Preparing for demonstrations

Talk about the potential for surveillance when planning an event or demonstration.

Brief your legal workers on appropriate state and federal statutes on police and federal officials spying.

Discuss whether photographing with still or video cameras is anticipated and decide if you want to challenge it.

If you anticipate surveillance, brief reporters who are expected to cover the event, and provide them with materials about surveillance by your state police in the past, and/or against other activists throughout the country.

Tell the participants when surveillance is anticipated and discuss what the group’s response will be.

Also, decide how to handle provocateurs, police violence, etc. and incorporate this into any affinity group, marshal or other training.

During events

Carefully monitor the crowd, looking for surveillance or possible disruption tactics. Photograph any suspicious or questionable activities.

Approach police officer(s) seen engaging in questionable activities. Consider having a legal worker and/or media person monitor their actions.

Also see Information Coordinator – Support team roles.

Suspected Infiltrator

Suspecting or becoming aware of an infiltrator your group is a serious issue.

If there is an infiltrator, this can be very distressing for people who have formed relationships and trust with that person.

Wrongfully accusing someone of being an infiltrator is very hurtful and can alienate someone from an entire community.

Consider the following things if you suspect there is an infiltrator in your group: 


If you suspect someone is an infiltrator try to obtain information about their background:

  • Where they attended high school/university;
  • Place of employment, and other pieces of history. Attempt to verify this information. Check public records which include employment; this can include voter registration, mortgages or other debt filings, etc;
  • Check listings of Australian police academy graduates, if available.

Accusing someone of being an infiltrator is a serious thing. Don’t do this lightly.

Making public accusations about someone may constitute defamation if the accusations are unfounded.

Making wrong accusations may also have the effect of isolating someone who may have been highly committed to your campaign.

Get your facts straight and consider these issues carefully.

If you have good evidence that someone is an infiltrator, consider these things when deciding how to confront them:

  • Confront them in a protected setting, such as a small meeting with several other key members of your group (and an attorney if available)
  • Present the evidence and ask for the person’s response
  • Plan how to inform your members about the infiltration, gathering information about what the person did while a part of the group and determining any additional impact they may have had
  • Organise any supports people may need once aware of the infiltration
  • You may consider contacting the press with evidence of the infiltration

If you can only gather circumstantial evidence, or weak evidence, it might not be a good idea to accuse the person of being an infiltrator.

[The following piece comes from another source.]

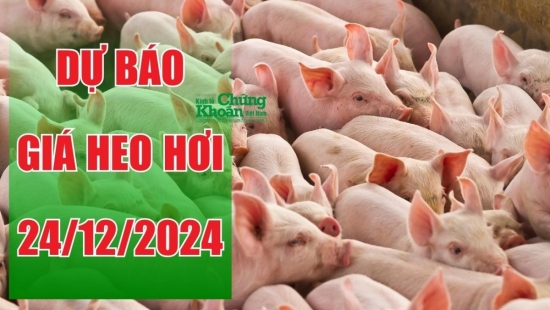 Dự báo giá heo hơi ngày 24/12/2024: Thị trường cuối năm bùng nổ, giá sẽ lập đỉnh mới?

It might be that they are not an infiltrator, but are still being disruptive to the group.

You can still confront someone who is being disruptive.

Consider these things:

  • Hold a strategy session with key leadership as to how to handle the disruptive person;
  • Confront the person, and lay out how the person is disrupting the group;
  • Be curious and open as to what might be going on for that person that is causing them to be disruptive;
  • Set guidelines for further involvement and carefully monitor the person’s activities;
  • If the problems continue, consider asking the person to leave the organisation.

While you don’t need to ambush someone as an entire group, particularly if you don’t have good evidence, confronting someone one-on-one is not a good idea.

Real or suspected infiltration is serious. It is important to have more than one account of what happens when someone is confronted.

Infiltration is based in secrecy and deception. It is important to confront it openly and transparently.

If you do have good evidence that someone is an infiltrator, confront the person with the information in front of witnesses and carefully watch reactions.